GitPedia

Movie Script Database

A database of movie scripts from several sources

From Aveek-Saha·Updated June 8, 2026·View on GitHub·

This is an utility that allows you to collect movie scripts from several sources and create a database of 2.5k+ movie scripts as `.txt` files along with the metadata for the movies. The project is written primarily in Python, distributed under the MIT License license, first published in 2020. Key topics include: imsdb, movie-database, movie-metadata, movie-scripts, moviedb-api.

The Movie Script Database

This is an utility that allows you to collect movie scripts from several sources and create a database of 2.5k+ movie scripts as .txt files along with the metadata for the movies.

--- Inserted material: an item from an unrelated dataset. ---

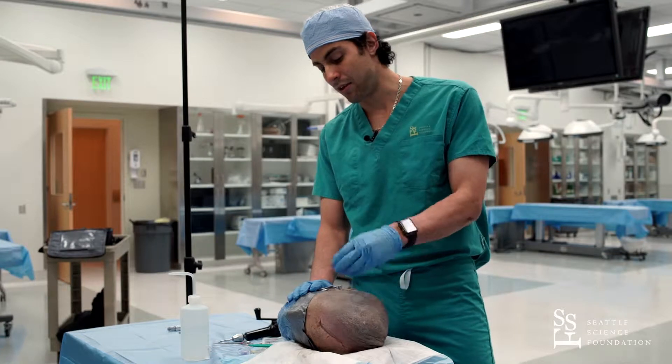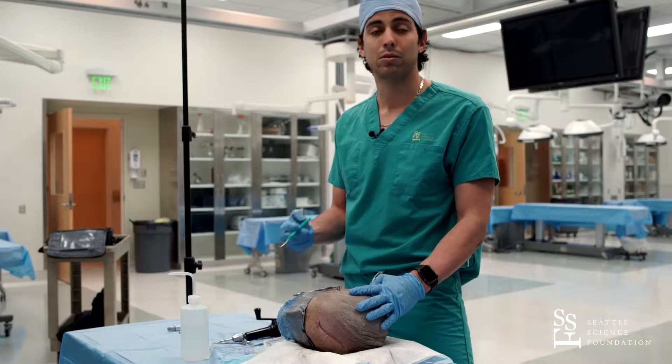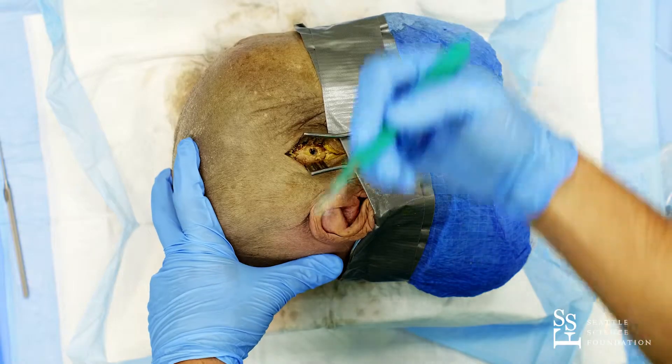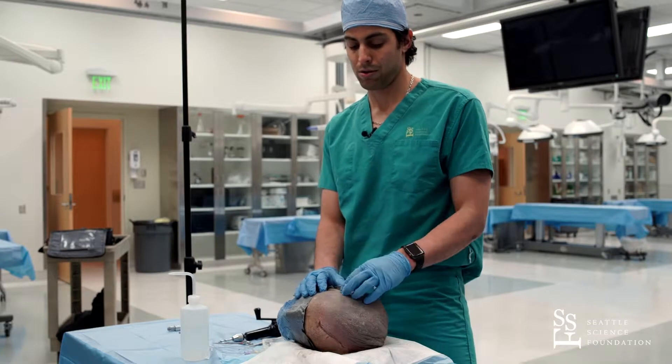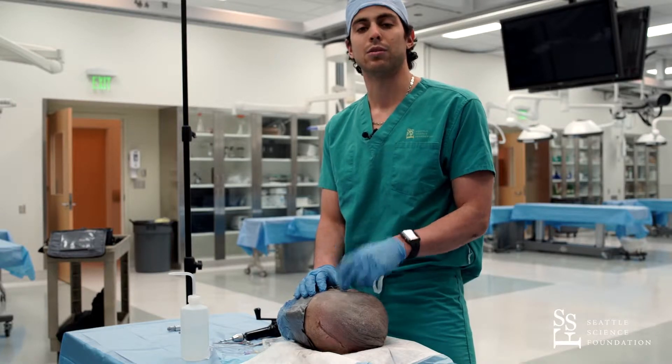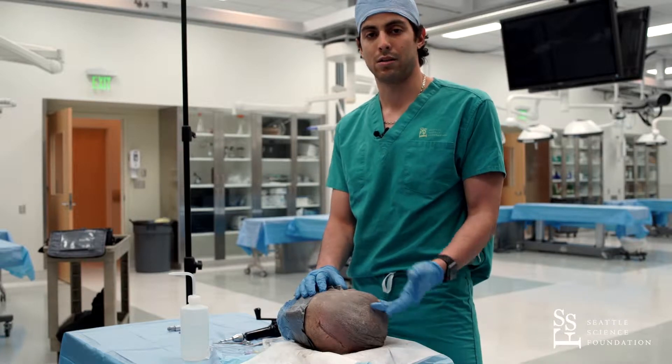If you don't see any bleeding or blood clot, you will continue doing the subsequent burr holes. The next burr hole will be on the contralateral temporal bone.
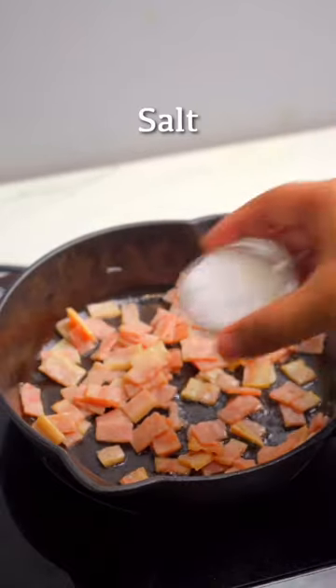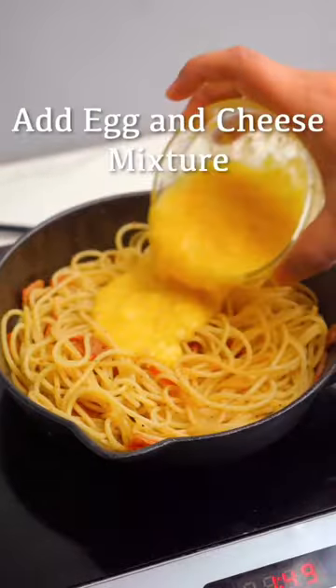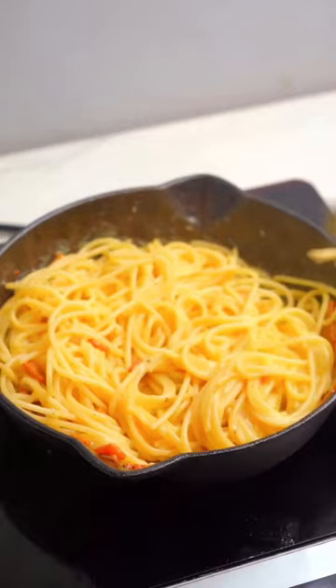This classic dish features al dente spaghetti coated in a velvety sauce made with eggs, parmesan cheese, crispy bacon, and a hint of black pepper.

There are four steps to the whole process:

  1. Collect scripts from various sources - Scrape websites for scripts in HTML, txt, doc or pdf format
  2. Collect metadata - Get metadata about the scripts from TMDb and IMDb for additional processing
  3. Find duplicates from different sources - Automatically group and remove duplicates from different sources.
  4. Parse Scripts - Convert scripts into lines with just Character and dialogue

Usage

The following steps MUST be run in order

Clone

Clone this repository:

git clone https://github.com/Aveek-Saha/Movie-Script-Database.git
cd Movie-Script-Database

Dependencies

Read the instructions for installing textract first here.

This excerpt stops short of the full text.